Mais ce « déni d'histoire » va beaucoup plus loin. Souvenez-vous à Dakar, en 2007, lorsque le président français d'alors Nicolas Sarkozy fit scandale en assénant que « l'homme africain n'est pas assez entré dans l'Histoire ». Une hérésie que François-Xavier Fauvelle, fort de ses années d'études et de fouilles archéologiques sur le continent africain, veut combattre. Comment l'expliquer ? « La traite des esclaves en particulier, suivie de la colonisation, nous ont habitués à percevoir que l'homme africain – pour utiliser cette expression de Sarkozy – était uniquement utile par sa valeur marchande ou sa valeur de travail, mais certainement pas le produit d'une trajectoire historique », analyse François-Xavier Fauvelle à l'AFP.
Faire entrer l'Afrique dans les savoirs communs
Instruit par des années d'études et de fouilles archéologiques – notamment sur les sultanats islamiques de l'époque médiévale en Éthiopie ou le site de la ville marocaine de Sijilmäsa, l'une des portes du Sahara – l'historien ne minimise pas les défis. Au premier chef, des indices épars et hétérogènes : documents écrits – avec par exemple divers systèmes d'écriture tout au long de la vallée du Nil, de l'Égypte jusqu'au Soudan -, récits de voyageurs grecs ou arabes, mais aussi des inscriptions, des pièces archéologiques, des sources orales... L'historien est formel : « Des sites historiques majeurs restent encore à découvrir, à l'instar de plusieurs capitales de royaumes médiévaux mentionnées par des sources arabes ou de villes antiques citées par des voyageurs grecs le long des côtes africaines de l'océan Indien. » Son sujet d'étude est tout aussi détonnant et ambitieux puisqu'il porte sur le sujet assez méconnu des « royaumes, cette forme sociale très particulière qu'est le nomadisme pastoral, l'exceptionnelle variété linguistique ».

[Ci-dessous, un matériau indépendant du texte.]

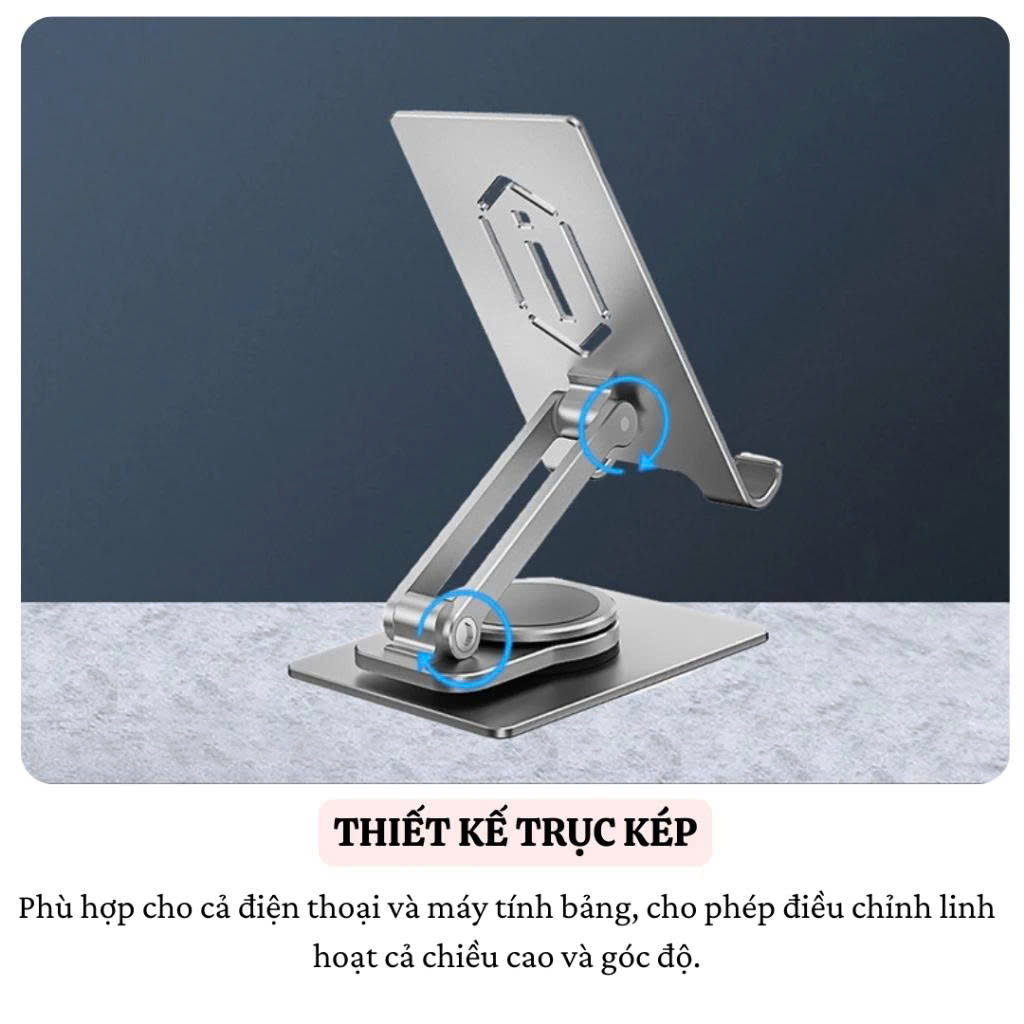 Giá đỡ hợp kim nhôm xoay 360 độ, gấp gọn điều chỉnh linh hoạt ZM107 dành cho Điện Thoại / iPad / Tab. Hàng Nhập Khẩu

Soulever les défis de la recherche contemporaine
D'autant que « l'Afrique est un continent géographique, mais c'est plusieurs continents d'histoire, qui évoluent dans le temps et sont connectés les uns aux autres. Et connectés avec les mondes non africains. Dès le XIIe siècle, on trouve des porcelaines importées de Chine à Madagascar ou encore à Mapungubwe, le fameux site sudafricain du rhinocéros d'or. On a trouvé aussi dans un monastère éthiopien des monnaies kushanes, un empire gréco-bouddhiste d'Afghanistan au début de l'ère chrétienne. Toutes ces découvertes témoignent d'échanges commerciaux dans lesquels des Africains jouaient bien évidemment un rôle, imposant leurs goûts et négociant les termes de l'échange », explique l'historien sur le site du Collège de France qui compilera les leçons du professeur, en textes et vidéos accessibles à tous. « Ça dessine quelque chose, mais on ne sait pas très bien quoi. » « Il faut accepter d'avoir des creux et des pleins (...) On peut quand même raconter des choses, mais pas de la même façon que l'histoire de la France du Moyen Âge », confie l'auteur du Rhinocéros d'or. Histoires du Moyen Âge africain (Alma).

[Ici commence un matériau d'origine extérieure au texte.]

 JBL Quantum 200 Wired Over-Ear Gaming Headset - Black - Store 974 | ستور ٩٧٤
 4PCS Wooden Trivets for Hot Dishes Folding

« Les sociétés africaines ont été confrontées, bien plus que d'autres, à un environnement contraignant qui a été la source d'une inventivité unique. Que celle-ci soit politique, technique, religieuse, linguistique ou artistique. » Son principal regret est l'absence ou le silence d'organismes de recherche, de fouilles préventives, de formations universitaires. En outre, l'archéologue regrette que, pour les grands bailleurs de fonds de la recherche, l'Afrique ne soit pas une priorité.